GIAN FRANCESCO MALIPIERO

e

L'ARTE MONTEVERDIANA

Annotazioni tratte da un carteggio

FIRENZE agosto 1973

 

© Proprietà Letteraria Riservata

Questo opuscolo commemorativo è stato stampato in 200 copie numerate

015

Forse fra i vari e numerosi riconoscimenti tributati alla memoria di Gian Francesco Malipiero ne è mancato uno, altamente qualificante, della di Lui personalità di umanista, riferito alla Sua riscoperta dell'Arte monteverdiana.

Si è scritto, invero, anche molto sugli studi e sulle ricerche condotti da Gian Francesco Malipiero e culminati con la pubblicazione, nel Vittoriale degli Italiani, tra il 1926 ed il 1940, dell'OPERA OMNIA di Claudio Monteverdi.

Non si è toccato, però, il lato più pregnante di tali studi e ricerche e si è guardato soprattutto alla mole del lavoro ed al suo valore bibliografico e divulgativo.

Il Centro Studi Rinascimento Musicale crede di far cosa opportuna, puntualizzando, in questo affettuoso omaggio all'insigne Maestro, il portato culturale dei Suoi studi volti principalmente a ritrovare l'essenza fonico-semantica della creazione del Cremonese.

Questo nostro breve quaderno vuole essere, perciò, la maniera forse più gradita all'indole schiva eppur caustica, bonaria eppur dominante di Gian Francesco Malipiero, che ha onorato ed onora il Centro Studi Rinascimento Musicale della propria adesione, di ricordarlo ai Soci offrendo, altresì, ai giovani studiosi elementi validi alla conoscenza dei temi culturali del '500 e '600 che furono alla base del definirsi della espressione musicale di Malipiero.

Ci accingevamo nel lontano 1965 ad approfondire lo studio sull'Arte musicale del XVI e XVII secolo in genere e di Monteverdi in particolare e, dopo aver consultato e schedato tutto quanto era stato scritto sul grande Claudio, eravamo ragionevolmente pronti ad iniziare la vera e propria ricerca su quel periodo fascinoso e sull'artista eccelso.
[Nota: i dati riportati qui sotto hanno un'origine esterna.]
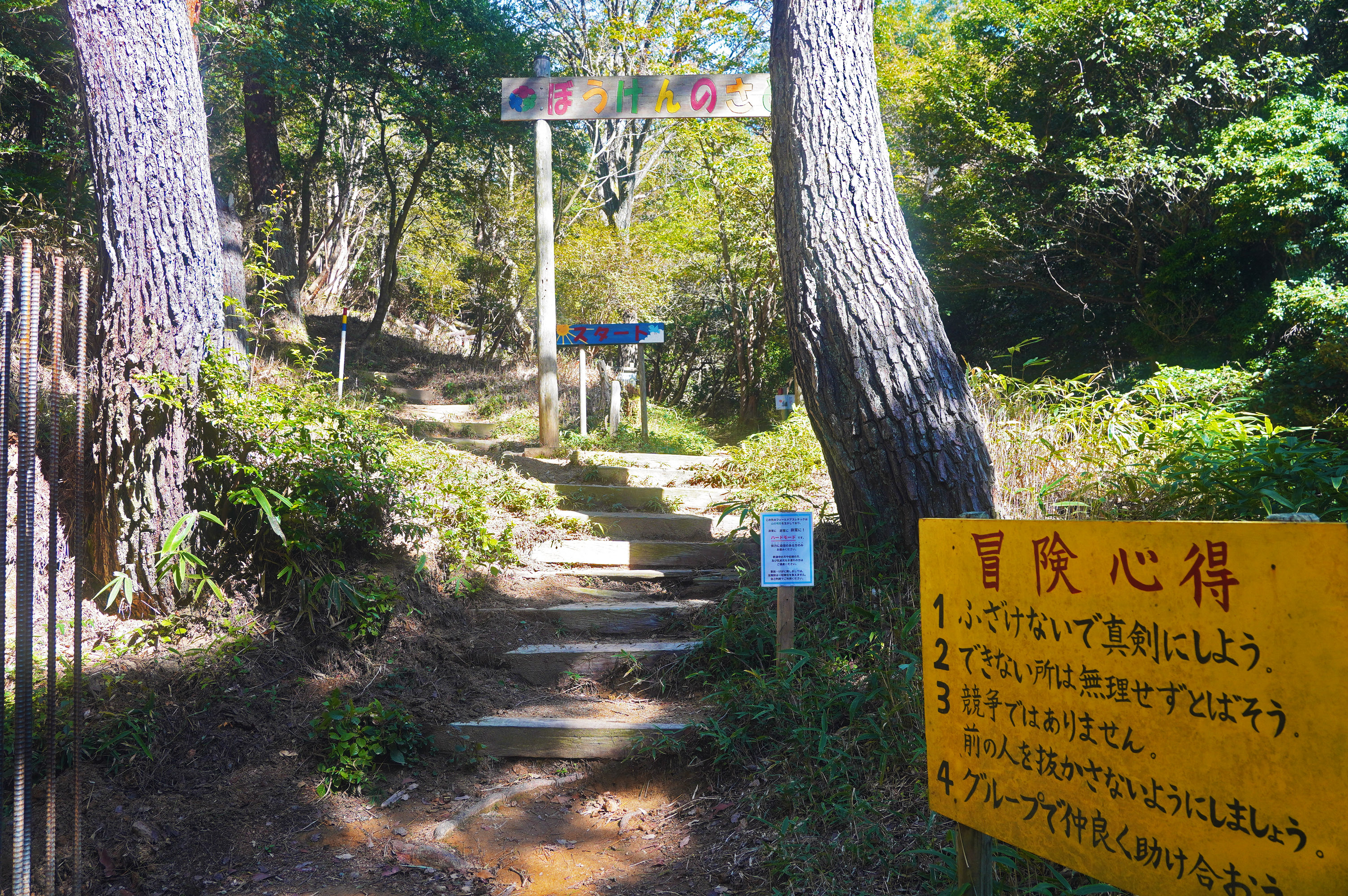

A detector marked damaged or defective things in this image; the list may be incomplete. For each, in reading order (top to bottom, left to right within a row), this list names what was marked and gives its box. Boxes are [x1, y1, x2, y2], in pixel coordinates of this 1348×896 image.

rusty rebar pole [43, 253, 63, 894]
Un concetto ci aveva particolarmente colpito, un concetto espresso dal Prunières (vedi — Henry Prunières, « La vie et l'oeuvre de C. Monteverdi », Paris 1924-1926; pagg. 7-8): « .... En face de Zarlino, défenseur de la tradition, se dresse Vicentino dont le traité " L'Antica Musica ridotta alla Moderna prattica " (1555), fut le bréviaire des musiciens d'avant-garde » e ripreso con una punta polemica da Malipiero nel suo « Claudio Monteverdi » (Milano 1930): «….Il Monteverdi, senza né punto né poco rinunciare alle risorse infinite dell'intuizione, preferì seguire le teorie di Nicola Vicentino (. . .), ma non si può dire per questo che il   "Monteverdi disponeva male le parti"! . . . (cfr. op, cit. pagg. 26-27) ».
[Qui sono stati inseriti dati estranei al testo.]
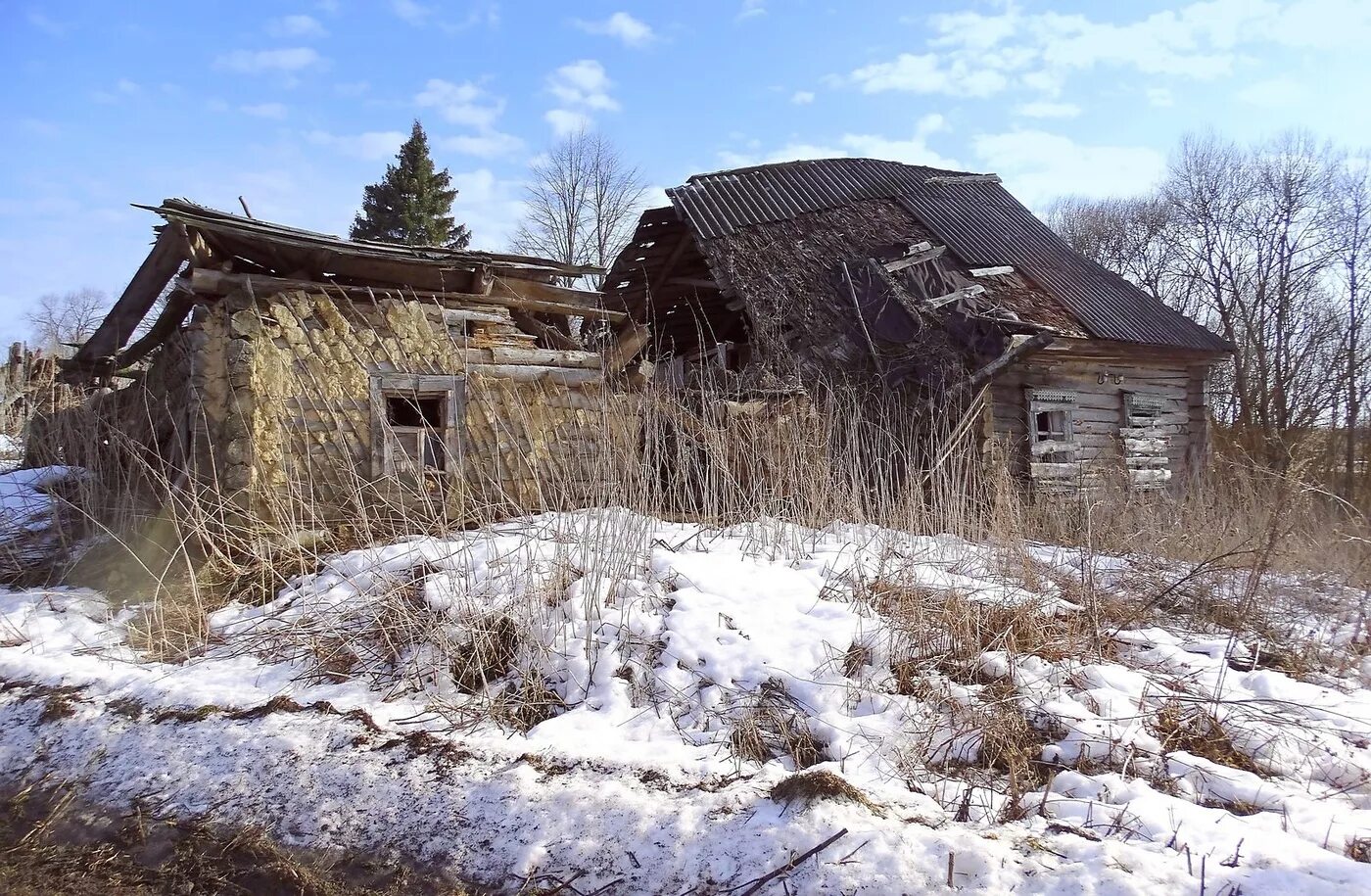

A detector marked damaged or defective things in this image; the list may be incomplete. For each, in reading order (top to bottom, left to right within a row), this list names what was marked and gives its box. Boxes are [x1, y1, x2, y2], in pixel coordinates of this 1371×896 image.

broken window frame [370, 372, 466, 480]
Fu questa la molla che fece scattare il congegno e ci portò a trascrivere i 5 libri del battagliero Don Nicola. L'approfondito studio di questa opera e la conoscenza dei teorici e pratici dell'epoca: Aaron, Agazzari, Artusi, Banchieri, Berardi, Bononcini, Bottrigari, Caccini, Diruta, Foliani, Peri, Lanfranco, Zacconi, Tevo, Zarlino, ecc. e soprattutto l'analisi dei concetti espressi nelle due lettere di Monteverdi del 1633 e 1634 (gli autografi si trovano presso la biblioteca del Conservatorio di Musica « L. Cherubini » di Firenze) ci consentivano una notevole apertura conoscitiva. Ed era questa maturata conoscenza che ci portava a collegarci con Colui che, molto prima di noi e lavorando su basi dedotte da una metodologia indubbiamente ancora lacunosa, era pur riuscito a sollevare il velo sul segreto della 2ª pratica monteverdiana. Il collegamento fu semplice, spontaneo e fortemente stimolante. Il carteggio stringato, essenziale e chiarissimo che ho avuto con Gian Francesco Malipiero doveva fugare le ultime perplessità circa una nuova interpretazione da dare alla semeiografia monteverdiana soprattutto riferita alle alterazioni.
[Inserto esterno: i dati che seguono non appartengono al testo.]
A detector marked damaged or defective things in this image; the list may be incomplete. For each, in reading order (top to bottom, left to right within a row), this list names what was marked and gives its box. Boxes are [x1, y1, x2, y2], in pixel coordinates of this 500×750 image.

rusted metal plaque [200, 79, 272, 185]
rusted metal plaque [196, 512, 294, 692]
Proprio nel 1967 (anno del bailamme delle commemorazioni monteverdiane) usciva, per i tipi di Schweiwiller, il caustico « Così parlò Monteverdi » di Gian Francesco Malipiero che il Maestro mi fece pervenire con una dedica quanto mai significativa

che fu per noi incentivo a durare su un itinerario pur estremamente difficile;

itinerario ingombro di pregiudizi, di lezioni male apprese, di incallita e diffusa misconoscenza del reale essere della grande Arte cinqueseicentesca e segnatamente della pratica.

Evidentemente Malipiero non si era crogiuolato nel beato godere del ricercatore soddisfatto; era andato anche Lui approfondendo la propria conoscenza che, rinnovata, (insisto su tale termine evocatore di vivificante divenire) quasi novantenne, trasmetteva in quello stupendo messaggio medianico che è « Così parlò Monteverdi », messaggio che contiene l’imperativo categorico di un ulteriore approfondimento della materia sonora monteverdiana, e di tutto il cinqueseicento, che è lungi dall'esser stata completamente esplorata ed analizzata.

Mi sembra indispensabile per la esatta valutazione degli elementi critici contenuti in quel messaggio, riportare in fotocopia alcuni passi illuminanti del carteggio avuto con il Maestro, senza di che la presente pubblicazione mancherebbe al compito prefisso di commemorazione della figura dell'umanista Malipiero dall'interesse culturale in continuo fermento perché è proprio l'ansia di approfondire la conoscenza che si acclara nel breve e copioso scritto di Malipiero come pure nel prezioso carteggio tenutosi fra noi.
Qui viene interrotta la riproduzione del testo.